Permalink
b170677 Mar 30, 2018
2 contributors

Users who have contributed to this file

@jeffdaily @edoapra
518 lines (484 sloc) 22.3 KB

Change Log

The format is based on Keep a Changelog.

All notable changes to this project will be documented in this file. This project adheres to Semantic Versioning.

This project follows the Gitflow Workflow model.

Unreleased

The Unreleased section will be empty for tagged releases. Unreleased functionality appears in the develop branch.

5.7 - 2018-03-30

  • Known Bugs
    • Some combinations of MPI implementations with the MPI RMA and PR ports fail. Recommended to use latest MPI implementations available.
  • Added
    • Tiled data layout
    • Read-only property type using replication across SMP nodes
  • Changed
    • GA is now thread safe

    • MPI3 implementation based on MPI RMA now uses data types in MPI calls by default. This is higher performing but not as reliable as using multiple contiguous data transfers. The build can be configured to use contiguous transfers if data types are not working for your MPI implementation.

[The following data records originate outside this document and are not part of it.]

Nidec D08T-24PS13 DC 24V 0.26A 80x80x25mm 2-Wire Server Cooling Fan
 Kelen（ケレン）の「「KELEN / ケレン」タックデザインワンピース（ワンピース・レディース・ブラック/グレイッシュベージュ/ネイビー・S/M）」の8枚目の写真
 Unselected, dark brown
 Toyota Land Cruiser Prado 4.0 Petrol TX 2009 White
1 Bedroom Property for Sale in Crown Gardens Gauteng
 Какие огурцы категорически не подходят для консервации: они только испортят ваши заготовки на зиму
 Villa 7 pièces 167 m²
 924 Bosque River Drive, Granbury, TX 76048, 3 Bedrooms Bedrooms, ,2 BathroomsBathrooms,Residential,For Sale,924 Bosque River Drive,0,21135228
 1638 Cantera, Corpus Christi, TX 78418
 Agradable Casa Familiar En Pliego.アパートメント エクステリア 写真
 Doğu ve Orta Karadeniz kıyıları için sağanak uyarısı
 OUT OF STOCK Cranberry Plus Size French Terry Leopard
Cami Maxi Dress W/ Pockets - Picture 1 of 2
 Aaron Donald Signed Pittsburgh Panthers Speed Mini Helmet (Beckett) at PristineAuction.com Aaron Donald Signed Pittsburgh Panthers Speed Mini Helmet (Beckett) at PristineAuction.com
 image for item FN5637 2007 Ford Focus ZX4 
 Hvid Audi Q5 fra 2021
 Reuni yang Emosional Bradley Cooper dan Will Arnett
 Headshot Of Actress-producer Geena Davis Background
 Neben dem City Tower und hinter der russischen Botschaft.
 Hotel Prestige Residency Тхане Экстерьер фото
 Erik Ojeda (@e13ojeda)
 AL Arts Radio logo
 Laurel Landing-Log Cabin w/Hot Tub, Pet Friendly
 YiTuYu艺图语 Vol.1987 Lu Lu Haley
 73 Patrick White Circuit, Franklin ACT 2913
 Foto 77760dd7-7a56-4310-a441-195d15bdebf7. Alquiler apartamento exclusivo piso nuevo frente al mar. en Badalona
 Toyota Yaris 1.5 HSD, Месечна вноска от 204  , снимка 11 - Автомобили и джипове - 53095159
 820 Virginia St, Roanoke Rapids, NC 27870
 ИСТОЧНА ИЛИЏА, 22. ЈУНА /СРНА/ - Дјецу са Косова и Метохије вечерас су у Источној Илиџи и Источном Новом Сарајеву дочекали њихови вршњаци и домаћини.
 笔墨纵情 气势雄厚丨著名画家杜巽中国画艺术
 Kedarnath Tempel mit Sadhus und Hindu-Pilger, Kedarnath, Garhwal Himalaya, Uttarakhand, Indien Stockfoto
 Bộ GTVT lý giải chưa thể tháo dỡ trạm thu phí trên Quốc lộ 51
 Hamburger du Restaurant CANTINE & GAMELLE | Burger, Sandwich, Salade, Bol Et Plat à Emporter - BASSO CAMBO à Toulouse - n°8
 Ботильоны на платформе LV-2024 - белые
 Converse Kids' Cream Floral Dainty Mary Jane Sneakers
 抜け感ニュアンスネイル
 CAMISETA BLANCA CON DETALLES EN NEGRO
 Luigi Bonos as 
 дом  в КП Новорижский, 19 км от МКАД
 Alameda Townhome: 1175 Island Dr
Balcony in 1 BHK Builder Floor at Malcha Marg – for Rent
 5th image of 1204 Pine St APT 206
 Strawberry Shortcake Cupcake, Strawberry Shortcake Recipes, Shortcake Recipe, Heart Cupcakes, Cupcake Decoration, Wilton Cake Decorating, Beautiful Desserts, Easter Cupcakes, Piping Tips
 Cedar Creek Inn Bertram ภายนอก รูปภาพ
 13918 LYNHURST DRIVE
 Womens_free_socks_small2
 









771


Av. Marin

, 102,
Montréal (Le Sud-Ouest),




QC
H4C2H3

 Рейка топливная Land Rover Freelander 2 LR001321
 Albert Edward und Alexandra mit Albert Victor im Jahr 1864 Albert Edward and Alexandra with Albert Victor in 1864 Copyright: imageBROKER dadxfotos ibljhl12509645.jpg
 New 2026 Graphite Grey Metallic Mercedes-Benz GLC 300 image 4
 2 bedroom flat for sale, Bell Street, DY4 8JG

    • ComEx MPI-PR now uses MPI data types in strided put and get calls by default. To enable the old packed behavior, set the following environment variables to 0.

      • COMEX_ENABLE_PUT_DATATYPE
      • COMEX_ENABLE_GET_DATATYPE

      Additionally, the original packing implementation is faster for smaller messages. Two new environment variables control at which point the MPI data types are used.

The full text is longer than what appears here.